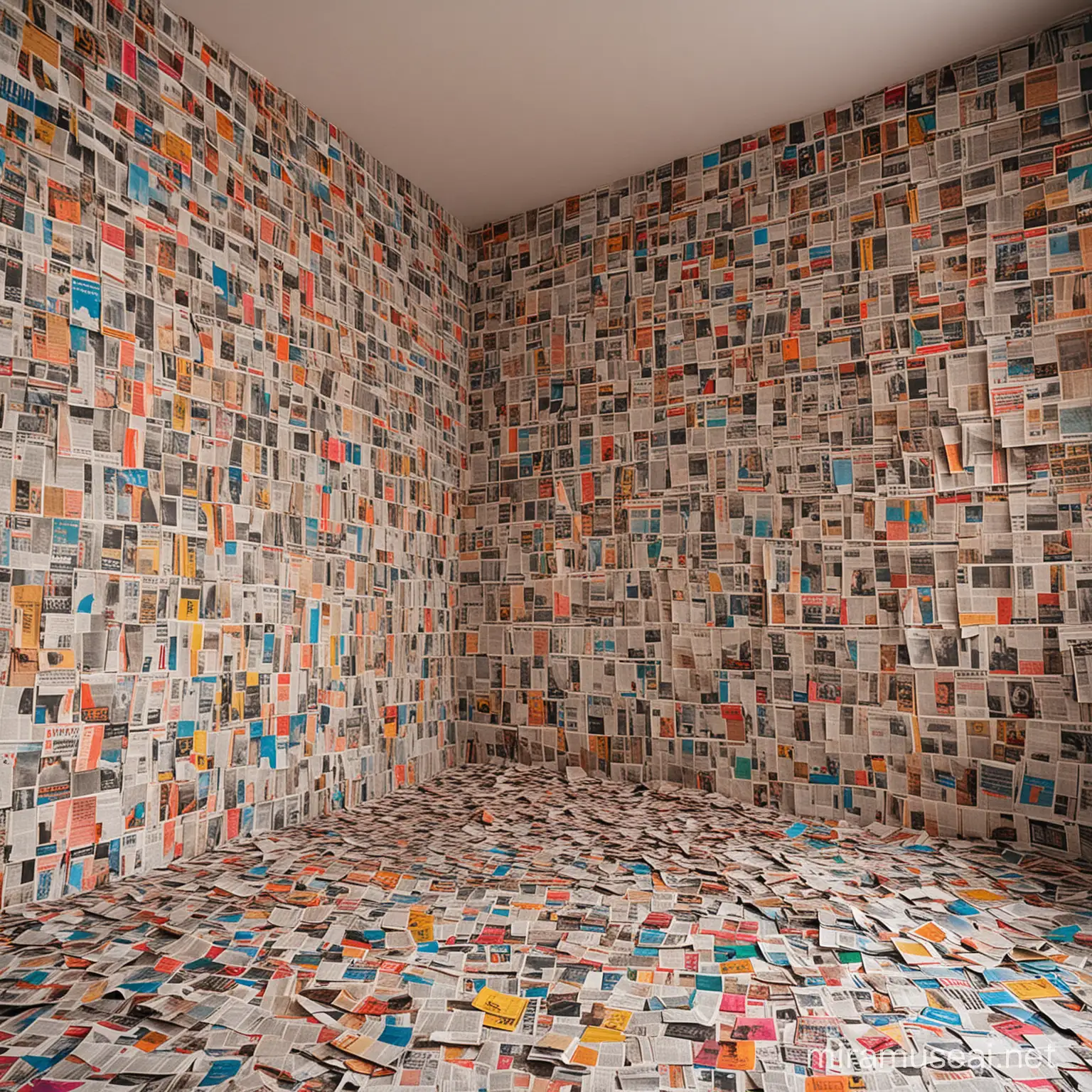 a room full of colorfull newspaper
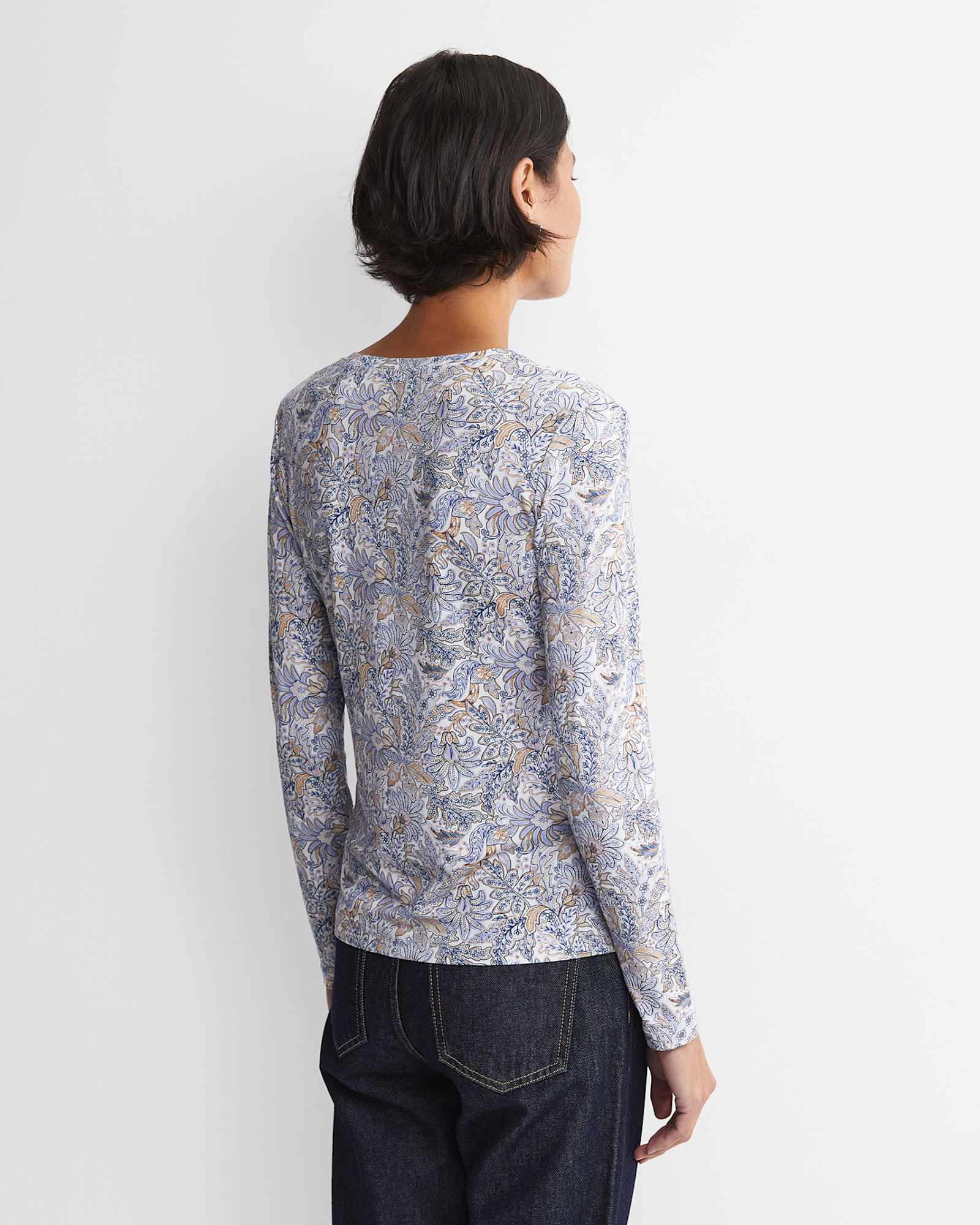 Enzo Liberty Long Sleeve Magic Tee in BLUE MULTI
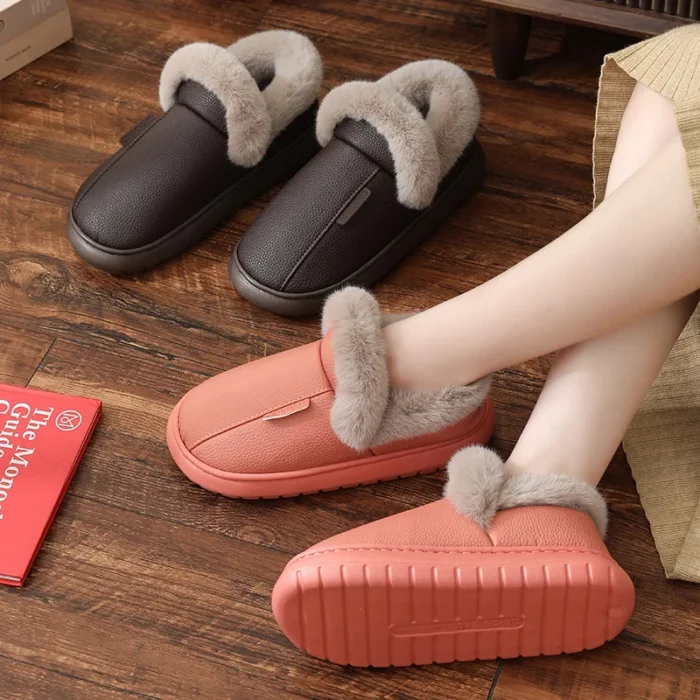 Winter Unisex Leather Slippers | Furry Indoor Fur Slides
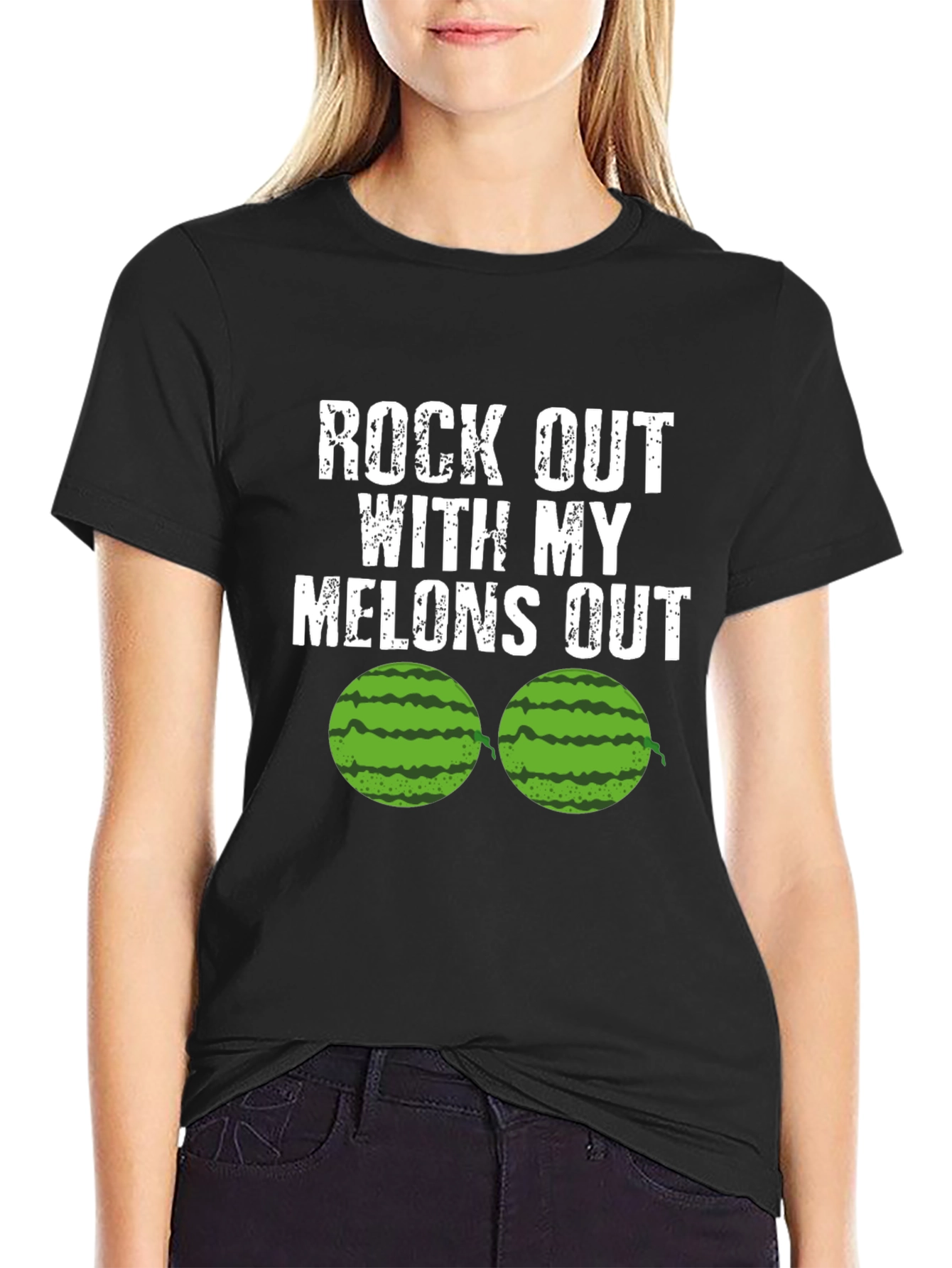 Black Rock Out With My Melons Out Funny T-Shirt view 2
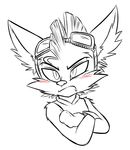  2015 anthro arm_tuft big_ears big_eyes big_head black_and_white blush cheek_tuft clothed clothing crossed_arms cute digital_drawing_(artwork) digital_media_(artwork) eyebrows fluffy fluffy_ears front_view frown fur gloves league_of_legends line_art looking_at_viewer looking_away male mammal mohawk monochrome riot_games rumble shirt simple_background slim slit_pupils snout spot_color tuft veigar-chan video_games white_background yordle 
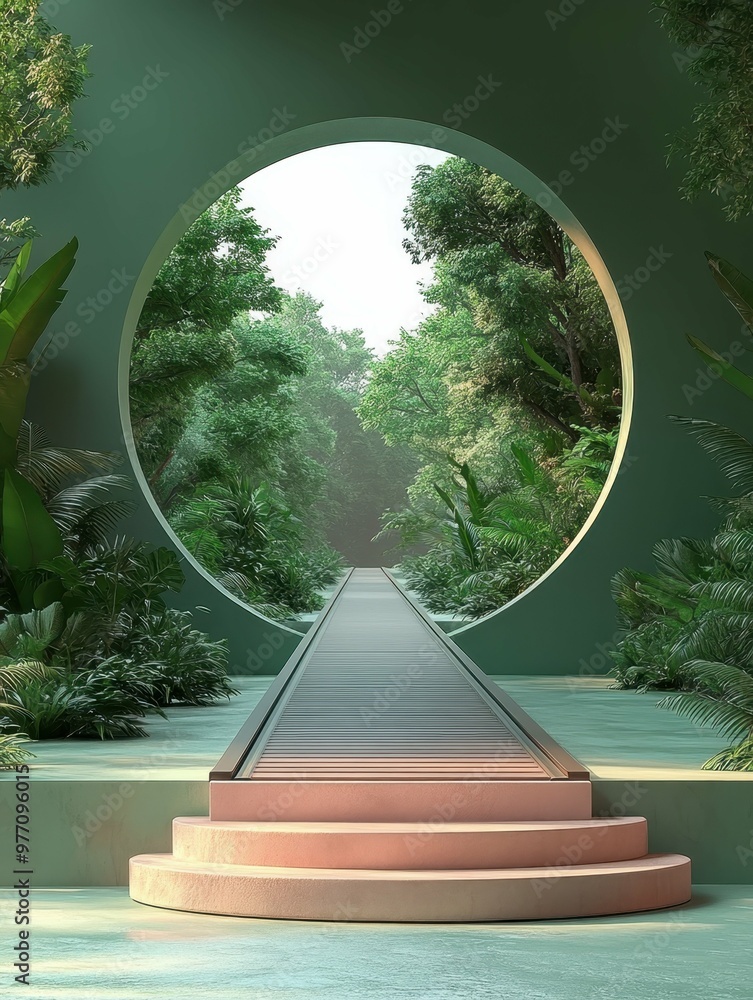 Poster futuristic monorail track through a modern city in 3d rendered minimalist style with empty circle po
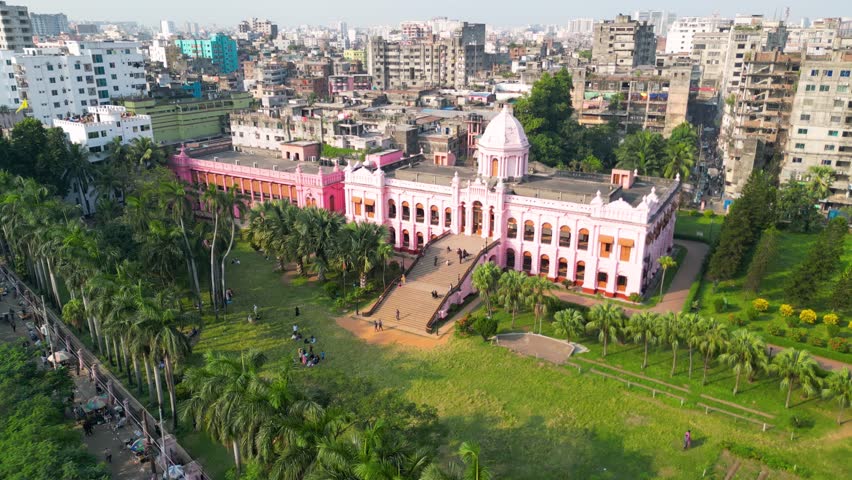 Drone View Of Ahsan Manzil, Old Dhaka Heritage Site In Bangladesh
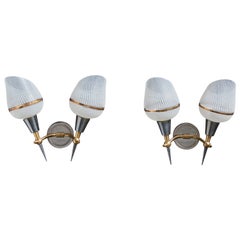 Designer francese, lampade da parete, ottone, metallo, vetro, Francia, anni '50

═══

## Exercise instructions
Copy, without the pictures, exactly the lines from the line with "Winter Unisex Leather" through the end of the material above, both ends included.

## Problem solution
 Winter Unisex Leather Slippers | Furry Indoor Fur Slides
 Black Rock Out With My Melons Out Funny T-Shirt view 2
  2015 anthro arm_tuft big_ears big_eyes big_head black_and_white blush cheek_tuft clothed clothing crossed_arms cute digital_drawing_(artwork) digital_media_(artwork) eyebrows fluffy fluffy_ears front_view frown fur gloves league_of_legends line_art looking_at_viewer looking_away male mammal mohawk monochrome riot_games rumble shirt simple_background slim slit_pupils snout spot_color tuft veigar-chan video_games white_background yordle 
 Poster futuristic monorail track through a modern city in 3d rendered minimalist style with empty circle po
 Drone View Of Ahsan Manzil, Old Dhaka Heritage Site In Bangladesh
 Designer francese, lampade da parete, ottone, metallo, vetro, Francia, anni '50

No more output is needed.